-- DATASET EXCERPTS follows --

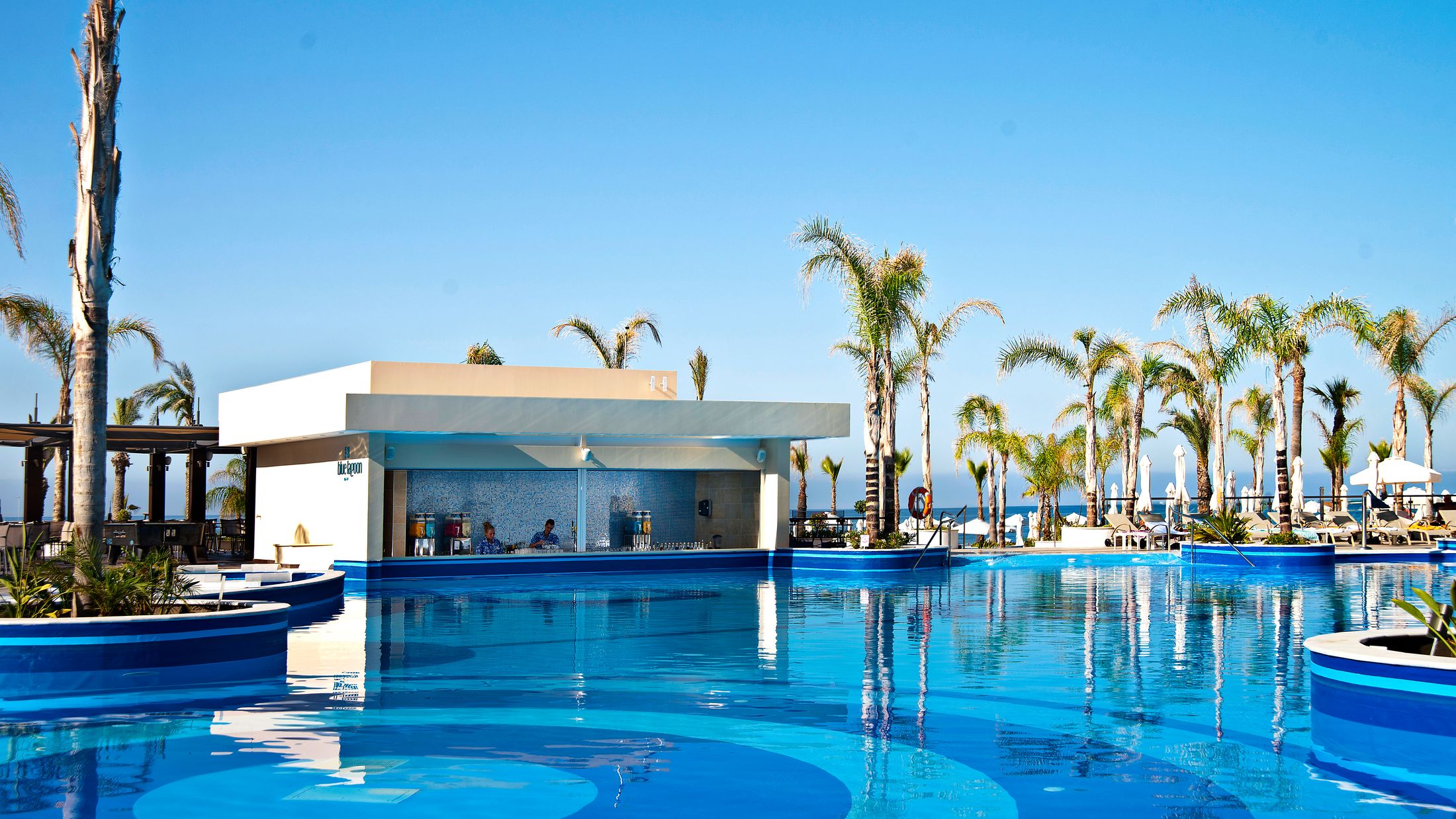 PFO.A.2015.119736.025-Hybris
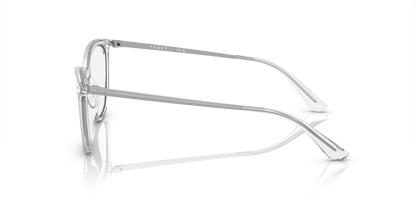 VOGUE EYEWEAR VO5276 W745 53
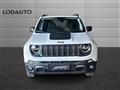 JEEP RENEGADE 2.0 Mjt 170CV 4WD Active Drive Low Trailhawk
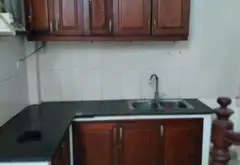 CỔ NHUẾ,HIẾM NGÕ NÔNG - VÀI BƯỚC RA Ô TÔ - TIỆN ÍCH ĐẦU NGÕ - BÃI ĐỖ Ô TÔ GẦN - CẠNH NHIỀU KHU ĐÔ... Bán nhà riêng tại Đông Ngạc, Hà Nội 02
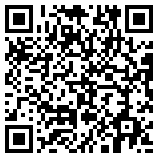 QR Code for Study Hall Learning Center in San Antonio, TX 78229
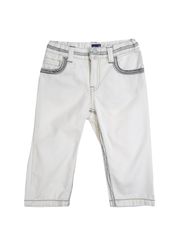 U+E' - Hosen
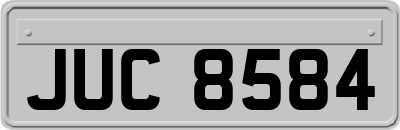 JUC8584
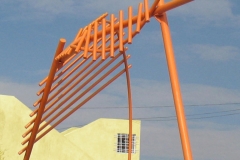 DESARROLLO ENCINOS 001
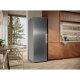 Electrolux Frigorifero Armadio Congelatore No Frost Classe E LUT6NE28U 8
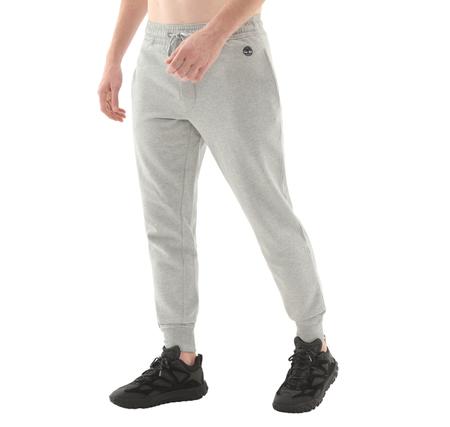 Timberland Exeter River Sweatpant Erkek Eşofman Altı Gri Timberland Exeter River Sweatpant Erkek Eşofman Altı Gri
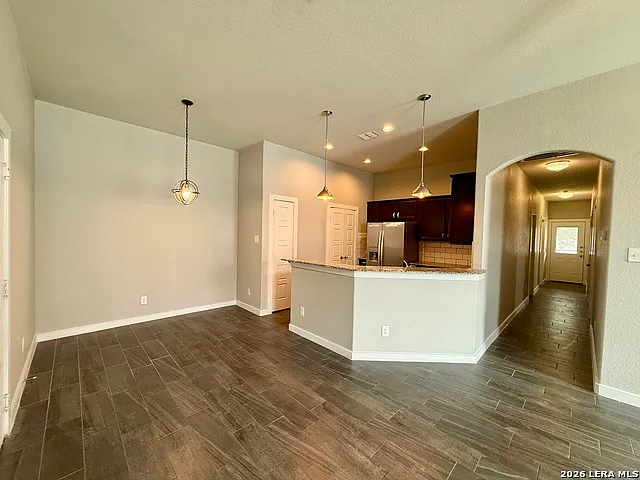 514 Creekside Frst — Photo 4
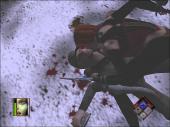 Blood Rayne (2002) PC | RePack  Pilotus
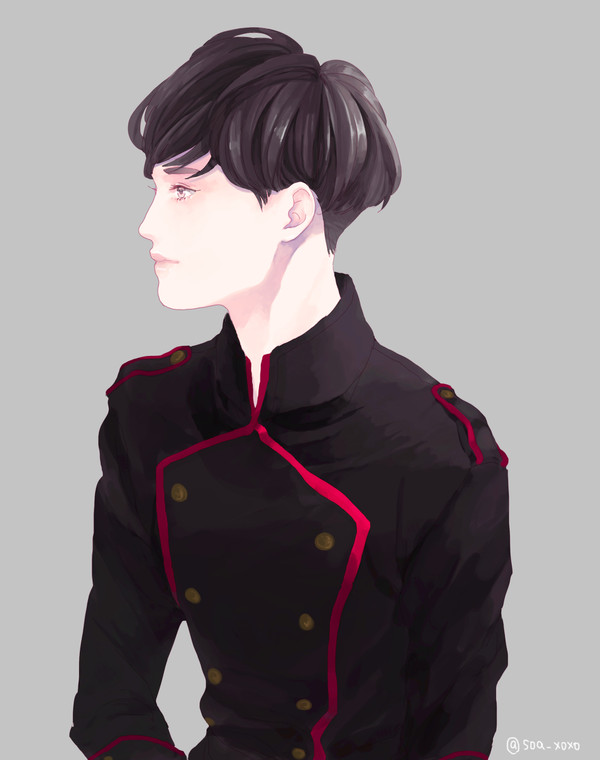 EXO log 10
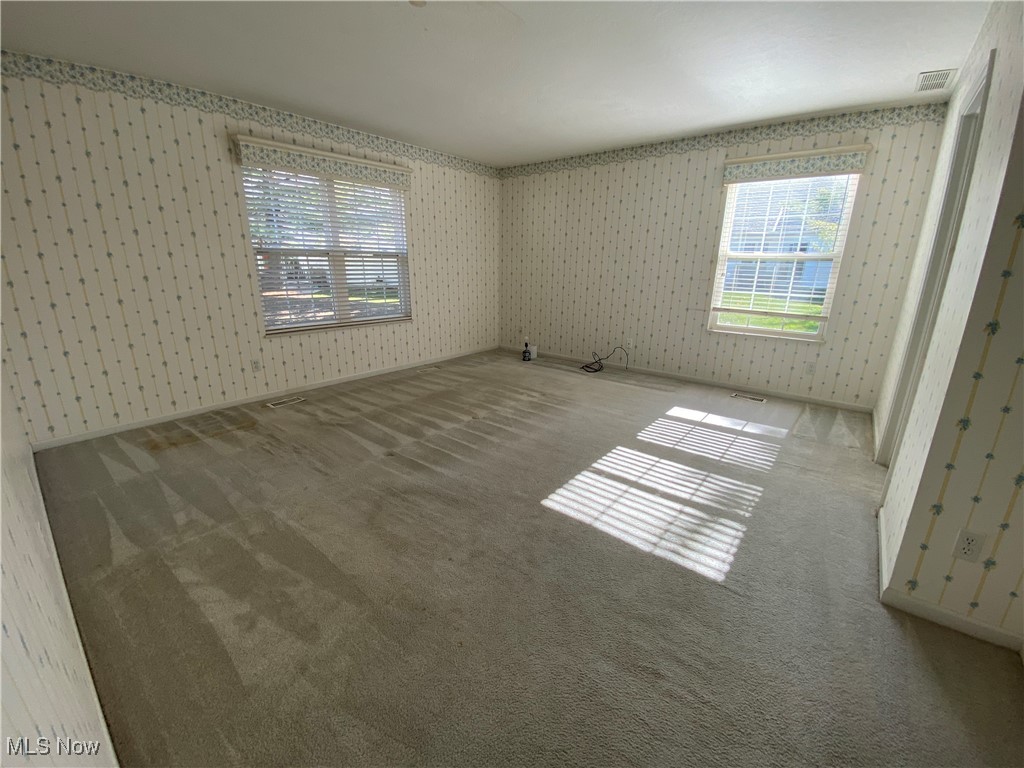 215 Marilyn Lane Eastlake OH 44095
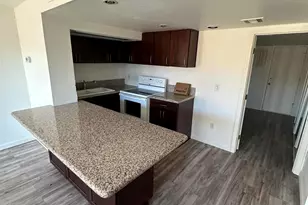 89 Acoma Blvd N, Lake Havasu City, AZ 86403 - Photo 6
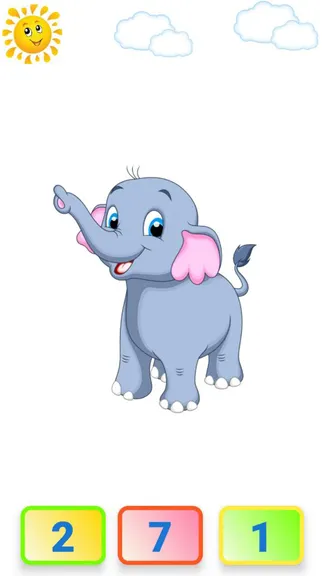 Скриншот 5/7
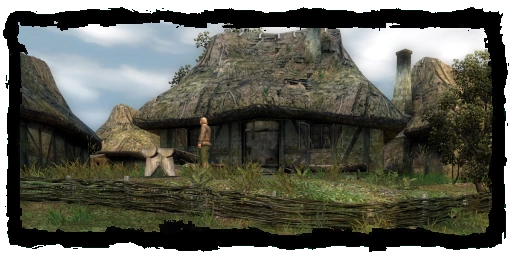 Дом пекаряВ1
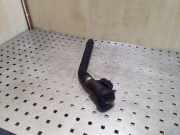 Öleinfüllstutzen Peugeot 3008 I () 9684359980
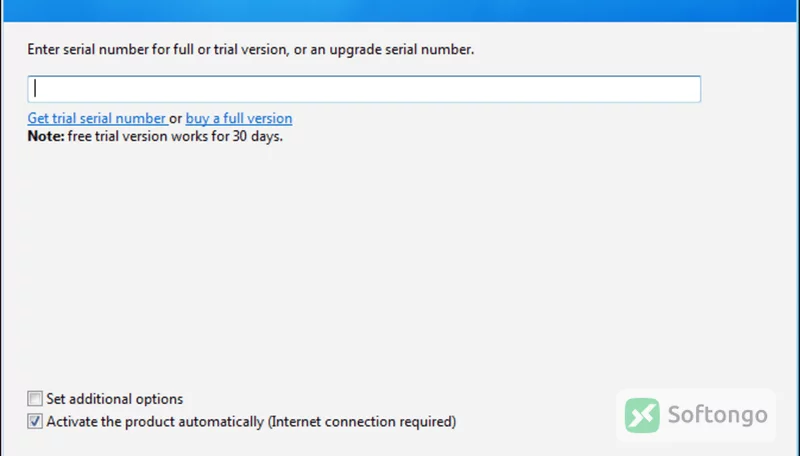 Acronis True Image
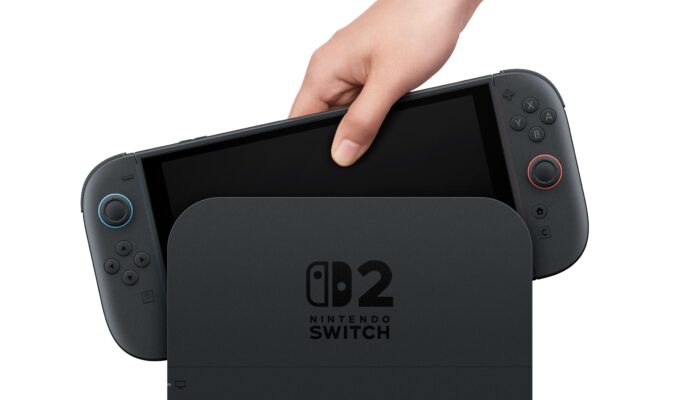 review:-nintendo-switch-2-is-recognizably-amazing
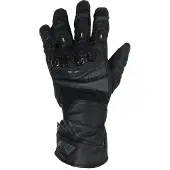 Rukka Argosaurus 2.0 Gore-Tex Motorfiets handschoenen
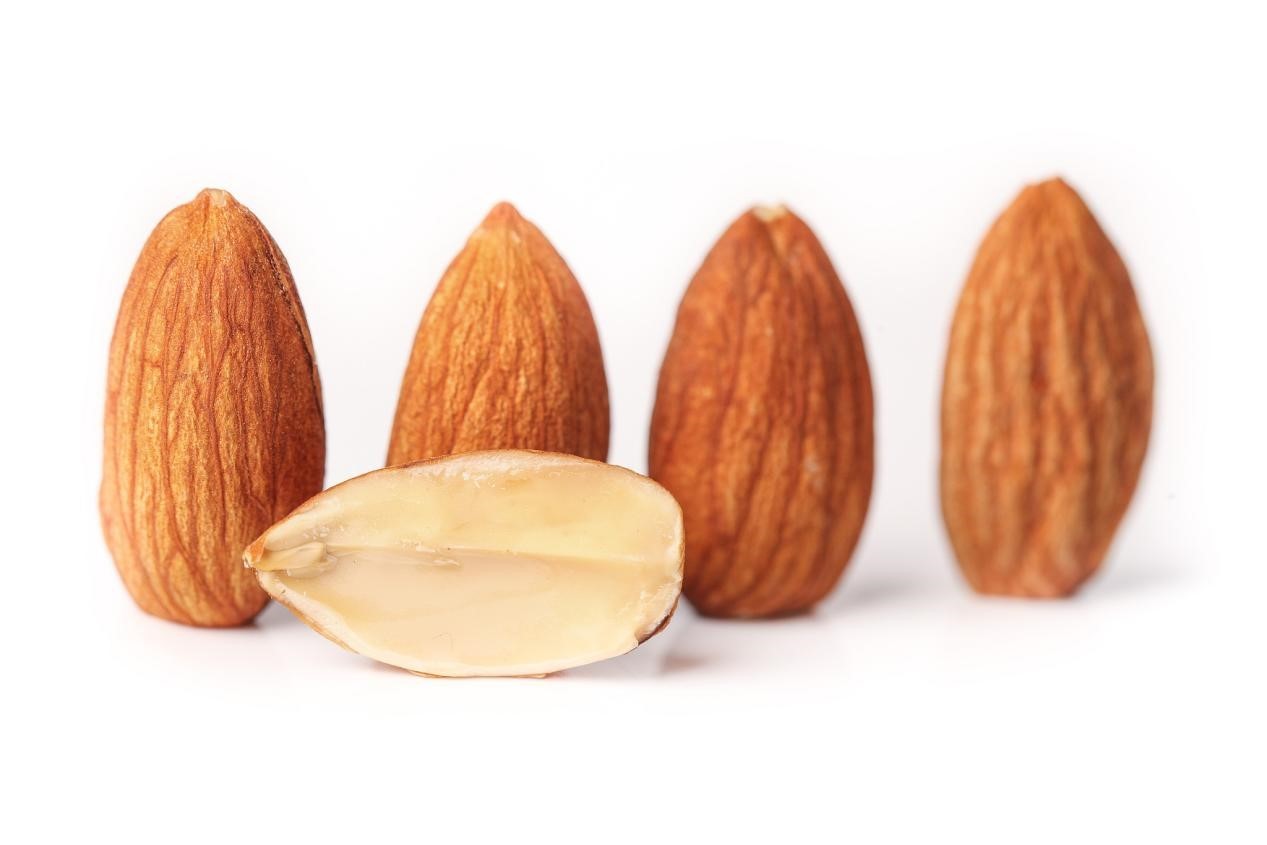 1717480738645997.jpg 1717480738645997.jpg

-- DATASET EXCERPTS concluded --

◆ **WORK ORDER**
Here the records must be restated exactly, minus any images.

◆ **WRITTEN REPLY**
 PFO.A.2015.119736.025-Hybris
 VOGUE EYEWEAR VO5276 W745 53
 JEEP RENEGADE 2.0 Mjt 170CV 4WD Active Drive Low Trailhawk
 CỔ NHUẾ,HIẾM NGÕ NÔNG - VÀI BƯỚC RA Ô TÔ - TIỆN ÍCH ĐẦU NGÕ - BÃI ĐỖ Ô TÔ GẦN - CẠNH NHIỀU KHU ĐÔ... Bán nhà riêng tại Đông Ngạc, Hà Nội 02
 QR Code for Study Hall Learning Center in San Antonio, TX 78229
 U+E' - Hosen
 JUC8584
 DESARROLLO ENCINOS 001
 Electrolux Frigorifero Armadio Congelatore No Frost Classe E LUT6NE28U 8
 Timberland Exeter River Sweatpant Erkek Eşofman Altı Gri Timberland Exeter River Sweatpant Erkek Eşofman Altı Gri
 514 Creekside Frst — Photo 4
 Blood Rayne (2002) PC | RePack  Pilotus
 EXO log 10
 215 Marilyn Lane Eastlake OH 44095
 89 Acoma Blvd N, Lake Havasu City, AZ 86403 - Photo 6
 Скриншот 5/7
 Дом пекаряВ1
 Öleinfüllstutzen Peugeot 3008 I () 9684359980
 Acronis True Image
 review:-nintendo-switch-2-is-recognizably-amazing
 Rukka Argosaurus 2.0 Gore-Tex Motorfiets handschoenen
 1717480738645997.jpg 1717480738645997.jpg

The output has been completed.